The "Expand and Contract" Method
The Core Problem
You face two common creative blocks—and they look like opposites:
Block 1: The Blank Page
You need to write something but don't know where to start. The cursor blinks. You have nothing. Every angle seems equally valid or equally boring. You're stuck at zero.
Block 2: The Overwhelm
You have too much to say. Research, ideas, perspectives, tangents—it's all jumbled together. You can't figure out what matters. You're drowning in your own material.
These feel like different problems, but they have a shared solution: controlling the creative flow between expansion and contraction.
The Core Insight
AI excels at two complementary operations:
Expansion: Taking a small idea and generating more—angles, variations, questions, examples, counterarguments. AI can produce quantity on demand.
Contraction: Taking a large volume of material and distilling it to essentials—key takeaways, core arguments, the signal in the noise. AI can synthesize and prioritize.
Most people use AI for one or the other.
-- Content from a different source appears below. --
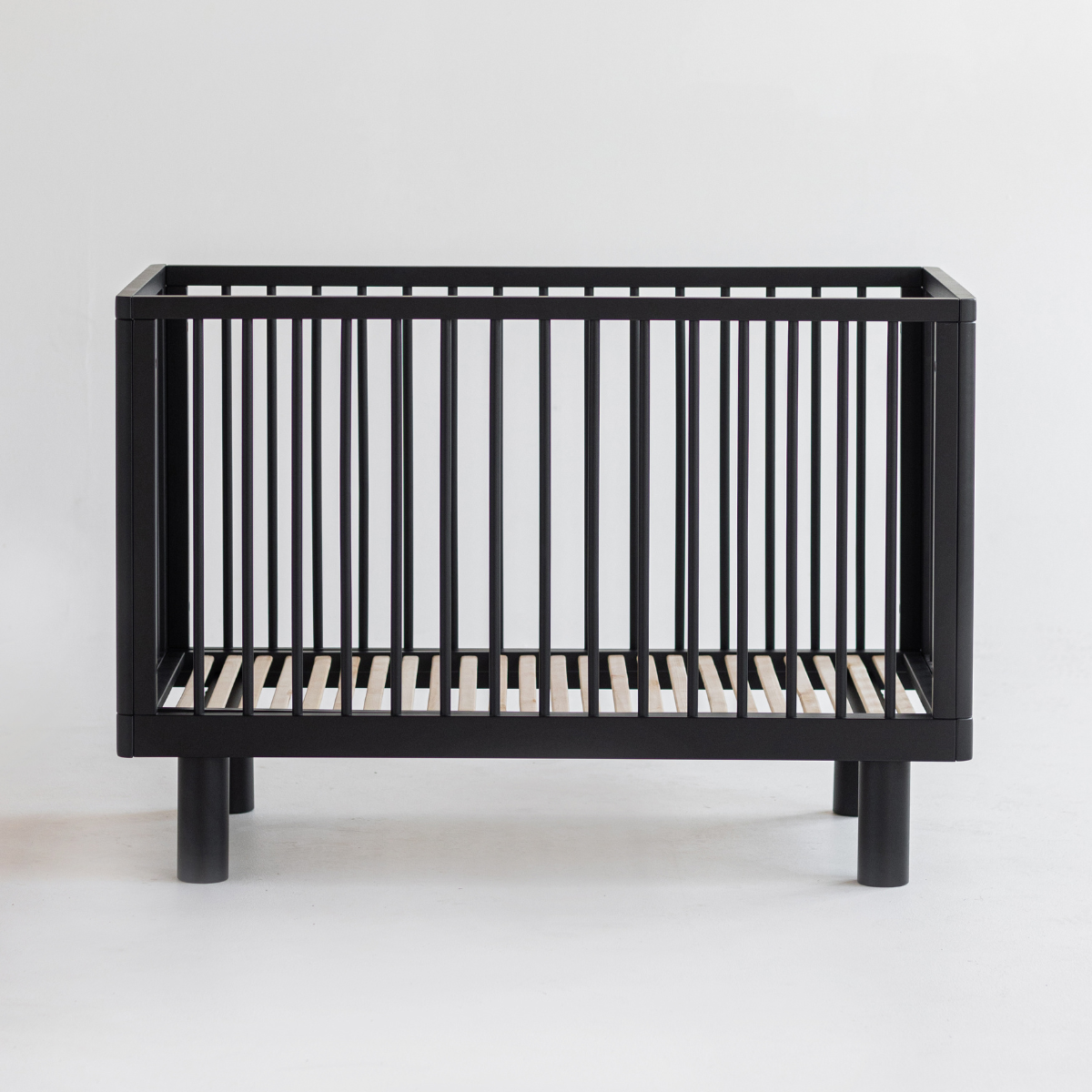 KARL & FRIC Nox cot 120 x 60cm black satin inc conversion rail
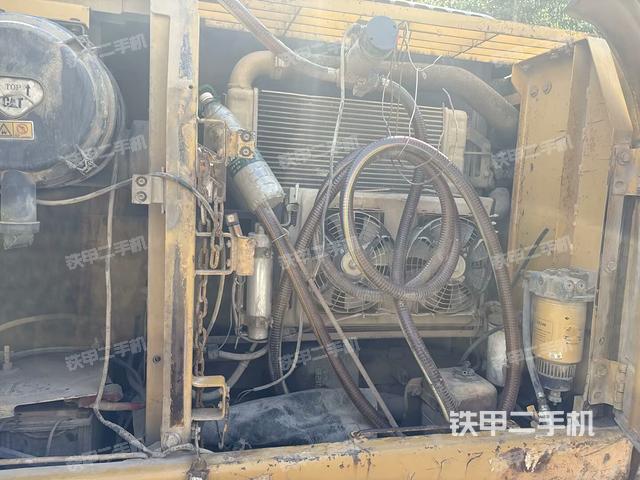 散熱器正面(大件艙室) 散熱器正面(大件艙室)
Power users use both, strategically, in a cycle.
The Expand-Contract Cycle
The method works in phases:
┌──────────────┐
│ EXPAND │ ← Generate options, angles, ideas
│ (Diverge) │
└──────┬───────┘
│
▼
┌──────────────┐
│ CONTRACT │ ← Distill, focus, prioritize
│ (Converge) │
└──────┬───────┘
│
▼
┌──────────────┐
│ REFINE │ ← Expand the best, contract again
│ (Repeat) │
└──────────────┘
Phase 1: Expand when you're stuck or need options
Phase 2: Contract when you're overwhelmed or need focus
Phase 3: Repeat until sharp
Expansion Techniques
Use these when facing a blank page or when you need more material:
Generate Angles
Give me 10 different angles I could take on [topic].
Example:
Give me 10 different angles I could take on
"the future of remote work."
AI might return:
- The economic case for hybrid (cost savings)
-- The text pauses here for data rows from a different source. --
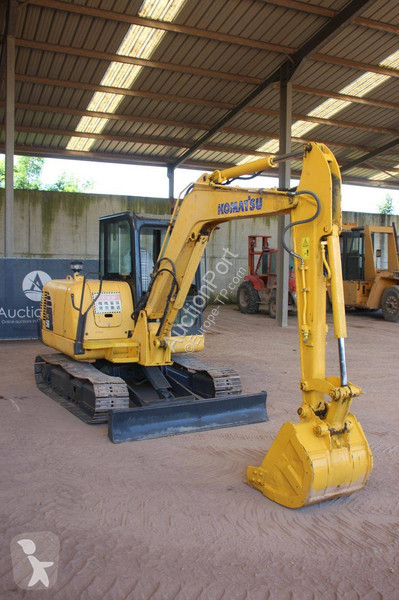 Excavadora Komatsu 7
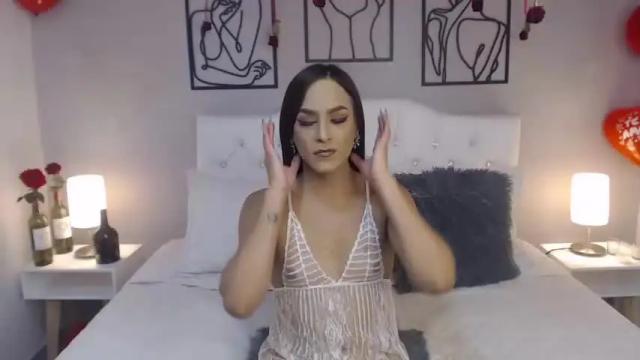 Image 8 of kristelzafiro_cg Stream on Chaturbate on 14 months ago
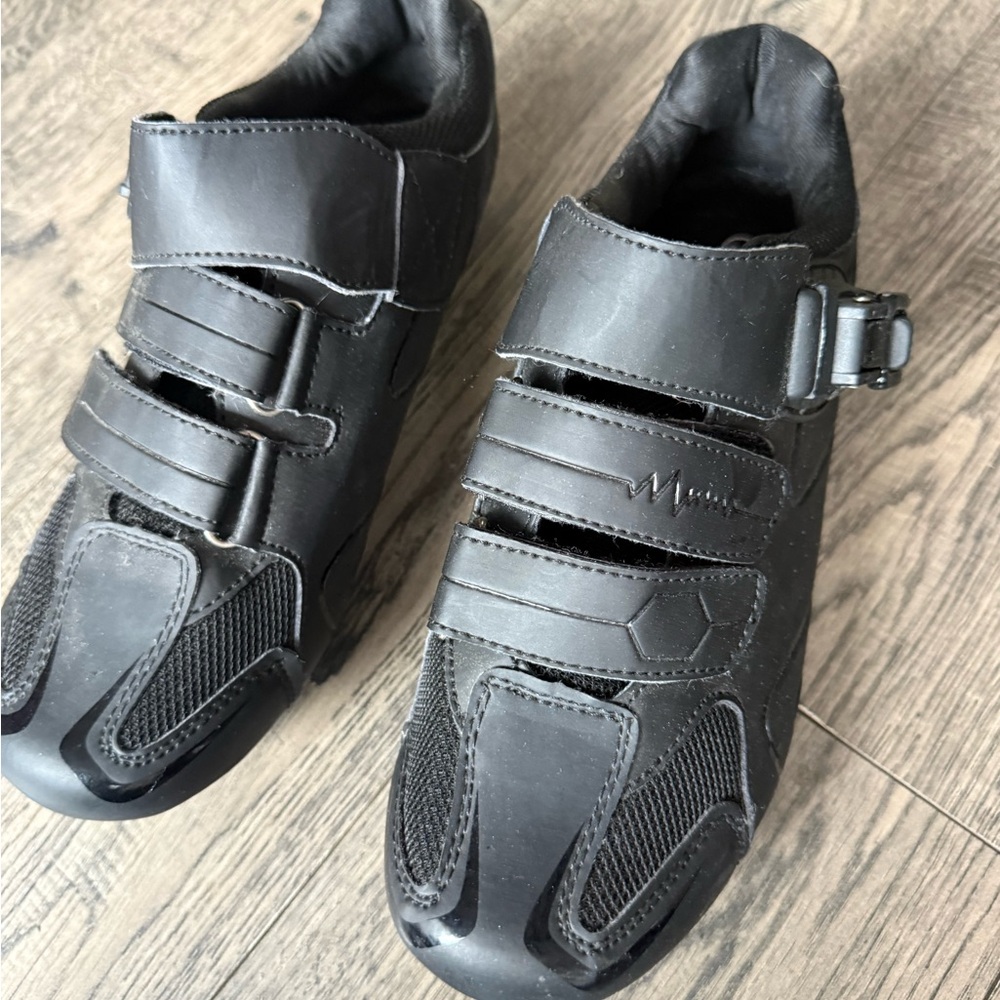 Black Cycling Shoes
- The mental health trade-offs
- How remote work changes management styles
- The infrastructure gap in rural areas
- Remote work as a competitive talent advantage
- The death of office culture (pros and cons)
- Legal and compliance challenges of distributed teams
- How time zones reshape collaboration
- The "always on" problem and solutions
- Remote work for knowledge workers vs. everyone else
Now you have starting points. Choose one to develop.
Anticipate Objections
What questions would a skeptical reader have about [claim or argument]?
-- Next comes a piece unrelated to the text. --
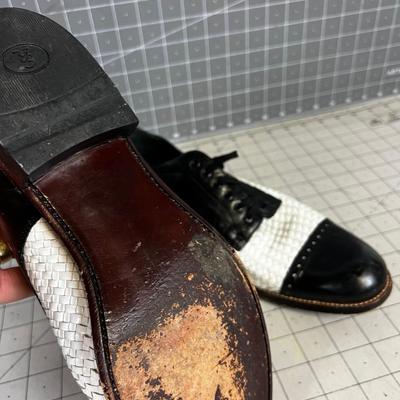 STACY -ADAMS Black & White Oxfords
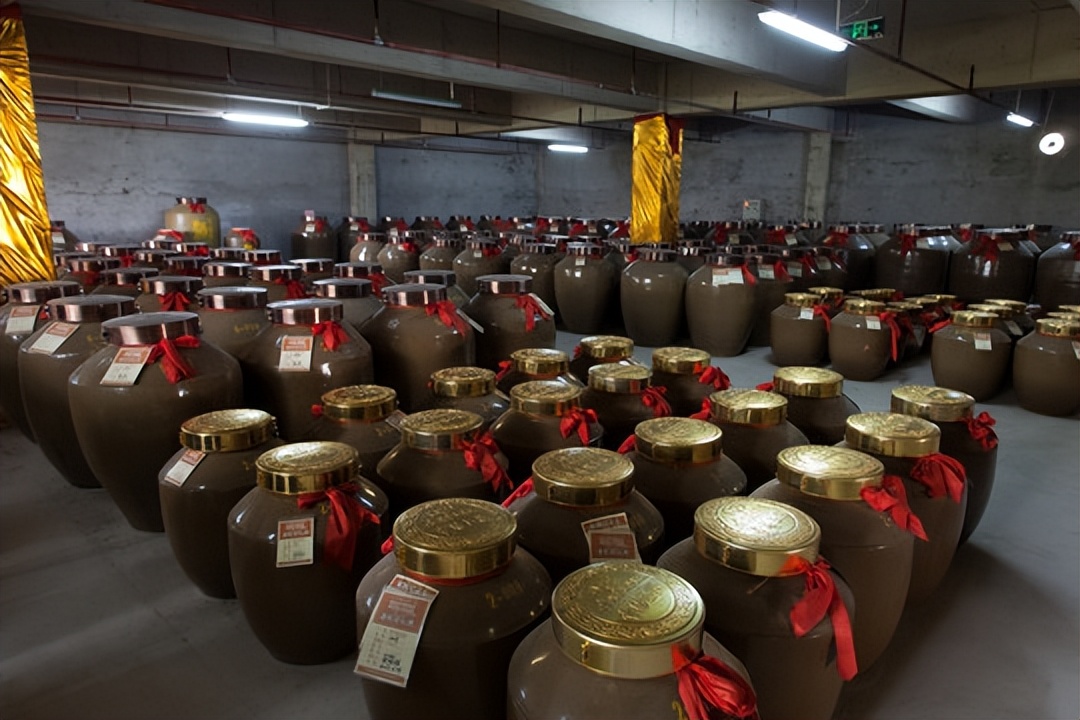 飞天茅台|同样是飞天茅台酒，为什么43°飞天无人问津？53°飞天一瓶难求？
This expands your thinking into territory you might have glossed over.
Find Counterarguments
What's the strongest argument against my main point?
Even if you don't include the counterargument, knowing it strengthens your position.
Explore Examples
Give me 5 concrete examples of [concept] in practice.
Examples make abstract ideas tangible. Expand to find the right ones.
Brainstorm Variations
I want to write about [topic]. Give me 7 different hooks
or opening lines I could use.
Expanding the options helps you recognize the best one.
Contraction Techniques
Use these when overwhelmed with material or when you need to focus:
Distill to Bullets
Summarize this in 3 bullet points. Only the most important ideas.
Forces prioritization. What survives the cut is usually what matters most.
Find the Single Takeaway
What's the single most important thing a reader should
remember from this?
If you can't answer this, your piece isn't ready.
Cut to Essentials
If I could only keep 20% of this content, what should stay?
Removes attachment to your own words and reveals the core.
Identify the Through-Line
Read this and tell me: what's the main argument or
narrative thread? Is it clear?
Sometimes the thread is buried. Contraction surfaces it.
Headline Test
If this were an article, what would the headline be?
Make it specific and compelling.
If you can't summarize in a headline, the piece lacks focus.
The Cycle in Practice
Scenario: Writing a LinkedIn Post About a Professional Insight
Starting point: You want to write about how you handle difficult stakeholders, but you're not sure what angle to take.
Expand Phase 1: Generate angles
Prompt:
I want to write a LinkedIn post about handling difficult
stakeholders. Give me 8 different angles or hooks I could use.
AI returns:
- The time I stopped trying to win and started trying to understand
- Why "difficult" stakeholders are often right about something
- The specific question that defuses almost any conflict
- How I learned to separate the person from the position
- The stakeholder from hell who taught me the most
- Why I now treat resistance as information, not opposition
- A framework for stakeholder conversations that always works
- The 5-minute prep that changes every difficult meeting
Your pick: #6 resonates. Resistance as information.
Expand Phase 2: Develop the angle
Prompt:
I'm going with "resistance as information." Give me 5 sub-points
or examples I could include to make this concrete.
AI returns:
- Story: CFO who pushed back on timeline was actually flagging hidden dependency
- Resistance often signals unclear communication—they're confused, not opposed
- The question "What would need to be true for you to support this?"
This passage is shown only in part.